L’esportazione di deflazione cinese certamente non è una novità. Ma non in un caos monetario come quello attuale. Il Giappone che con due rialzi ha quasi fatto deragliare il rally più lungo di sempre, la Bce e la Bank of England che invece tagliano il costo del denaro con la timidezza tipica di chi non è affatto convinto della bontà della scelta. E la Fed ferma. In attesa. Quasi stesse aspettando qualcosa di epocale. Più che altro, forse, qualcosa di esiziale. E questo qualcosa potrebbe appunto arrivare dalla Cina. E da quel dato sull’erogazione di credito. O la richiesta di prestiti, se preferite.
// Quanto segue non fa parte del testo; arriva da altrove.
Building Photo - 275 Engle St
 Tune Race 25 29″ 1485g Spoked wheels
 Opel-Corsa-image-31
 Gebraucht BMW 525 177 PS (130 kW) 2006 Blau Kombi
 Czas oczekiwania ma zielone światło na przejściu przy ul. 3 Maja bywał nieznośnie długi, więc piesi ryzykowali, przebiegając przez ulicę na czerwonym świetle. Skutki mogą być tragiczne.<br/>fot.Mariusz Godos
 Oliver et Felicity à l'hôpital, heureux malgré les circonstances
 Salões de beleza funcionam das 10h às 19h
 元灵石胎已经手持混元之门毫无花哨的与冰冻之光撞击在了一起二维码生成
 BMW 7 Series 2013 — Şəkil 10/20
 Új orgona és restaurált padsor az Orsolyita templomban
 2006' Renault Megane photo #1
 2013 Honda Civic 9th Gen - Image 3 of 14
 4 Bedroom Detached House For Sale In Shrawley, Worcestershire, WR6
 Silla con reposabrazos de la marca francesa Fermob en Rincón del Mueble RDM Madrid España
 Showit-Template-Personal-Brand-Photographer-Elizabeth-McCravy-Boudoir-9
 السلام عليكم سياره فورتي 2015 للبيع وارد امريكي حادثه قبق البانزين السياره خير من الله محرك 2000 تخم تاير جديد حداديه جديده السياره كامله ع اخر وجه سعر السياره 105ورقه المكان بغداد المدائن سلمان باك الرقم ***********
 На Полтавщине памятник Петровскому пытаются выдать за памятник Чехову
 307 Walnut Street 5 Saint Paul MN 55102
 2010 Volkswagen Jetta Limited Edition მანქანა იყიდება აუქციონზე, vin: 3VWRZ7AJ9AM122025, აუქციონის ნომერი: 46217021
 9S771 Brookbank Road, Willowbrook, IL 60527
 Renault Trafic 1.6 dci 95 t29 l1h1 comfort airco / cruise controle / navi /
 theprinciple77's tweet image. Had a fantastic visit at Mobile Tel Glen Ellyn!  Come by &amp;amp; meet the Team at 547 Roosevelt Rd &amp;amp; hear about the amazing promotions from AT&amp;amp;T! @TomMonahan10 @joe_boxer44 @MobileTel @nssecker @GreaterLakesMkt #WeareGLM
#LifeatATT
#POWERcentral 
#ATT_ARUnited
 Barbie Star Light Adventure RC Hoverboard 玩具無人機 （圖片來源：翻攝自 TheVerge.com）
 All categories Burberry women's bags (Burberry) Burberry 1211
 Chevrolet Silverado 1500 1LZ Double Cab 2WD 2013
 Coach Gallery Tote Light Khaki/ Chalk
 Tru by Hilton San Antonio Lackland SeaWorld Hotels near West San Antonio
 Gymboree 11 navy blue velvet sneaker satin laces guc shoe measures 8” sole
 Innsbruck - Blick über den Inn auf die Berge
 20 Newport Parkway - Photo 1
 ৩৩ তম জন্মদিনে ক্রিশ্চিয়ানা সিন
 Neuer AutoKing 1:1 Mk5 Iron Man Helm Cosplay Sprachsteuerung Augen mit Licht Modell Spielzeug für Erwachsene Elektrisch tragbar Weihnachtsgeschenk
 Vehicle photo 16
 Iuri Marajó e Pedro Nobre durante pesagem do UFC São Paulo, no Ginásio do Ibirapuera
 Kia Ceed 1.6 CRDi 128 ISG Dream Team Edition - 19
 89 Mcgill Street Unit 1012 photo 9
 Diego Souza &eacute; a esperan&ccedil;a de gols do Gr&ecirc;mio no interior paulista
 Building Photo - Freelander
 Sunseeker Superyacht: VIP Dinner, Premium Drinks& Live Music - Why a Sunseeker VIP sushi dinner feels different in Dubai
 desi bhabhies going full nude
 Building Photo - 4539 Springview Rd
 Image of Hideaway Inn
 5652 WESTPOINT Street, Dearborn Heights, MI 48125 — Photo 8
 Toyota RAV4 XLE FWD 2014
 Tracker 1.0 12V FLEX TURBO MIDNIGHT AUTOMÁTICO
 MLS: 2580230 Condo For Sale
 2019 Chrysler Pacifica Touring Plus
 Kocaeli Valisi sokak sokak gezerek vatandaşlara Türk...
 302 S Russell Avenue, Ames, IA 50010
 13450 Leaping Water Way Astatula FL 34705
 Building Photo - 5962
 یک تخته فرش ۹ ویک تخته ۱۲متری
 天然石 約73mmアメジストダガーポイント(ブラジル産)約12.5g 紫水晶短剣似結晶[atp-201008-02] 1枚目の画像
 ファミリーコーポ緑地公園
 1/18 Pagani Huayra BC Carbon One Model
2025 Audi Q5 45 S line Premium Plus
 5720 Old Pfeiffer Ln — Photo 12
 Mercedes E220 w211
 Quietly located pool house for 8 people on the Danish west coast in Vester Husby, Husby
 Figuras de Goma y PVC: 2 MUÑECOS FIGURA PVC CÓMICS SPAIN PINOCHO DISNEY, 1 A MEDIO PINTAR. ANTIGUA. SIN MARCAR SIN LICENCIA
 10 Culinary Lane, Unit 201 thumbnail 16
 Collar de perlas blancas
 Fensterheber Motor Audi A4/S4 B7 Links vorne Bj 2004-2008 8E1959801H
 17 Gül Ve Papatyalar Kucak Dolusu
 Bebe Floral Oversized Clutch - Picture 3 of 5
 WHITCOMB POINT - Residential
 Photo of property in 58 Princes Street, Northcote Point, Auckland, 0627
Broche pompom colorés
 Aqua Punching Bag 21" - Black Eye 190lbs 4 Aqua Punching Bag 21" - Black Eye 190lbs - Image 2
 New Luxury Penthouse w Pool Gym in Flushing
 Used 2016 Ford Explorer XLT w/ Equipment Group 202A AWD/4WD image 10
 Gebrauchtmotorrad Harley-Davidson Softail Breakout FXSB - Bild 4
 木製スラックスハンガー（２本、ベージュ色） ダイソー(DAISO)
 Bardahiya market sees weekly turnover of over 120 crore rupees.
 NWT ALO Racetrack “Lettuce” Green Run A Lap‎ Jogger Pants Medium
Ed ecco che in questo contesto con pochi precedenti, arriva l’allarme. Debitamente riportato dal Financial Times. Hu Wangming, numero uno del gruppo leader cinese dell’acciaio, Baowu Steel Group, ha infatti rotto gli indugi e con mossa decisamente inusuale – e per questo, chiaramente concordata con il potere politico, trattandosi di ammissione di debolezza e difficoltà – ha preannunciato una crisi senza precedenti per il comparto. Queste le sue parole al quotidiano della City: Di fronte a noi abbiamo una crisi di settore molto severa per l’acciaio, la cui durata e gravità rappresentano un qualcosa che non abbiamo mai dovuto affrontare prima. E per sopportare la quale occorrerà prepararsi a sacrifici inaspettati.

Dunque, mentre Donald Trump minaccia dazi e protezionismo e l’Ue, quando avrà una Commissione, appare pronta a seguirne l’esempio, ecco che il leader cinese dell’acciaio preannuncia ufficialmente una crisi nera del settore. Quale dinamiche di prezzo innescherà, tutto questo? E quanto impatterà sulla supply chain globale del materiale chiave di ogni economia avanzata e industrializzata?

Ora guardate questi altri due grafici: come mai i costi dei noli per trasporti di container via mare stanno risalendo a livelli che ricordano, quantomeno nel pattern, la crisi epocale della pandemia, quel vero e proprio lockdown del mondo che devastò la catena di fornitura mondiale e, ad esempio, diede vita ai costosi e inflattivi processi di re-shoring?

Forse tutto si tiene, questa volta ancora di più. Non a caso, a 82 giorni dal voto Usa, l’Oms ufficializza la pandemia legata al vaiolo delle scimmie. Certamente non una priorità solo delle ultime settimane. Esattamente come i dati macro da mani nei capelli degli Usa, una volta depurati dalle manipolazioni. Proprio come per il Covid, il mondo ha appena ottenuto l’accelerante dell’incendio doloso da recessione che tutti attendevano, Fed in testa? La fase preparatoria della madre di tutti i Qe è forse entrata nel vivo? Una cosa è certa. Quel grafico sul credito cinese cambia tutto. Game changer. E per chi non se ne fosse accorto, sotto il pelo dell’acqua stanno muovendosi iceberg destinati a cambiare equilibri e assetti per almeno i prossimi 50 anni. Capito perché servono tante e cicliche idiozie woke a riempire media e social?